Ferrovia
Li, com atenção, a entrevista dada pelo novo presidente da CP a este semanário, esperando nela encontrar, finalmente, respostas concretas e fundamentadas para as muitas perplexidades com que os oestinos, e em especial os caldenses interessados no transporte ferroviário, se confrontam relativamente à linha do Oeste. O resultado traduziu-se, mais uma vez, numa enorme desilusão, tal como já acontecera com as declarações da administração da Rodoviária do Tejo, também aqui publicadas há algumas semanas.
Parecem, aliás, farinha do mesmo saco, na vacuidade das afirmações produzidas e na sistemática fuga às responsabilidades. Até a tentativa de justificação das unidades de negócio da CP foi insuficiente para explicar porque é que no troço Caldas-S.Martinho se paga um preço diferente em cada sentido.
Resumidamente, o presidente da empresa diz que a linha existente não permite qualquer melhoria no actual serviço, estando a parceira Refer a estudar a modernização da linha a longo prazo, nomeadamente a sua duplicação e electrificação. Toda a entrevista se esgota na justificação desta posição, avançando-se duas razões principais: a falta de procura do serviço ferroviário, explicada pela concorrência da rodovia, e o facto de a linha ser de via única, com distribuição irregular das estações ao longo da mesma. Entretanto, uma entrevista vale, não só pelo que se diz, mas também por aquilo que não se diz, e nela nada se esclarece sobre os sempre adiados planos de modernização da linha do Oeste, sobre as promessas falaciosas do primeiro-ministro aos oestinos, ou sobre os indicadores de qualidade do serviço actualmente prestado, não se vislumbrando a mais ténue preocupação em procurar servir melhor as populações.
Relativamente às limitações da infra-estrutura, o presidente da CP usa meias verdades e contradiz-se em várias ocasiões, acabando por admitir que a actual linha tem uma taxa de ocupação de apenas 52%, estando praticamente inactiva entre o início da manhã e o final da tarde, atribuindo esta ineficiência à suposta baixa procura. E é aqui que “a porca torce o rabo”. Haverá, realmente, falta de procura? Se há, quais os motivos? Na verdade, a CP nunca divulgou qualquer estudo que confirmasse esta afirmação, limitando-se a olhar para as taxas de ocupação dos comboios, o que não prova de todo a inexistência de um mercado potencial. Como o presidente da CP bem sabe, sem oferta conveniente e bem comunicada, não pode haver procura interessada, verificando-se aquilo que os psicólogos designam eruditamente por “profecia auto-realizadora”.

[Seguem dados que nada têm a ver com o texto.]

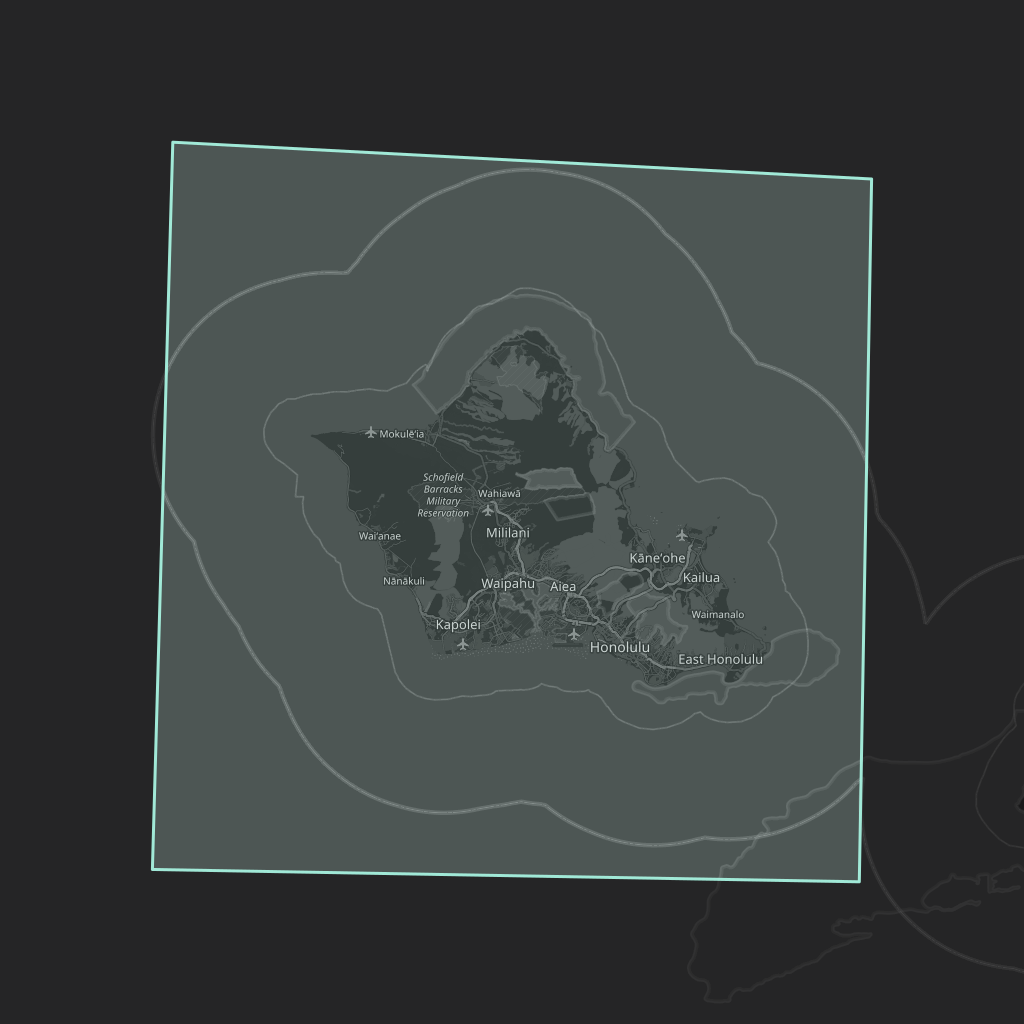 Map of the playable area in Honolulu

A grande diferença entre uma entidade pública e uma privada, é que aquela está preparada para prestar serviços não lucrativos, sem prejuízo das boas práticas de gestão que deve adoptar. Argumentar-se que a linha do Oeste não tem comboios porque a procura é insuficiente (o que não está provado), é quase o mesmo que dizer que não se fornece serviços de correios, saúde, educação, água, electricidade ou gás a uma aldeia, pelo mesmo motivo. Aliás, o argumento cai definitivamente por terra quando se sabe que o projectado TGV não vai ter procura suficiente para ser rentável, prevalecendo outras razões de sustentação duvidosa. Tenho o maior respeito por quem trabalha e dá o melhor de si, mas fazer afirmações sem conhecer a realidade ou, conhecendo-a, procurar deturpá-la para justificar a inacção, não me parece aceitável. O que se depreende da referida entrevista é uma perspectiva terceiro-mundista do transporte público, sem ambição, acomodada e resignada.

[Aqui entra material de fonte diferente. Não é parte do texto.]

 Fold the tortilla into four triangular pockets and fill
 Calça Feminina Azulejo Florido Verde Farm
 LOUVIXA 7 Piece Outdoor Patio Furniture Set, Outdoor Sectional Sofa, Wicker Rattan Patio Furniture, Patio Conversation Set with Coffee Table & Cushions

Não é preciso ser especialista em transportes ferroviários para perceber que a taxa de ocupação pode ser incrementada, os horários aperfeiçoados, o período de manutenção da linha reduzido, o tempo de paragem nas Caldas abreviado e o conforto e limpeza das carruagens melhorado, o mesmo acontecendo com a qualidade do atendimento e as condições de espera nas estações, onde até os bancos são em número insuficiente. É absolutamente lamentável, por exemplo, a frequência e o horário do comboio aos fins-de-semana, no Verão, entre Caldas e S. Martinho, circulando as carruagens com os vidros completamente sujos, ou o caso das bandeiras que não foram colocadas a meia haste aquando do luto nacional por José Saramago (ver fotos), mostrando bem o desinteresse da CP pela região e, pelos vistos, por todo o país: a CP perdeu 5,85 milhões de passageiros desde o final do primeiro semestre de 2008, ao contrário do que se verificou com todos os outros transportes públicos.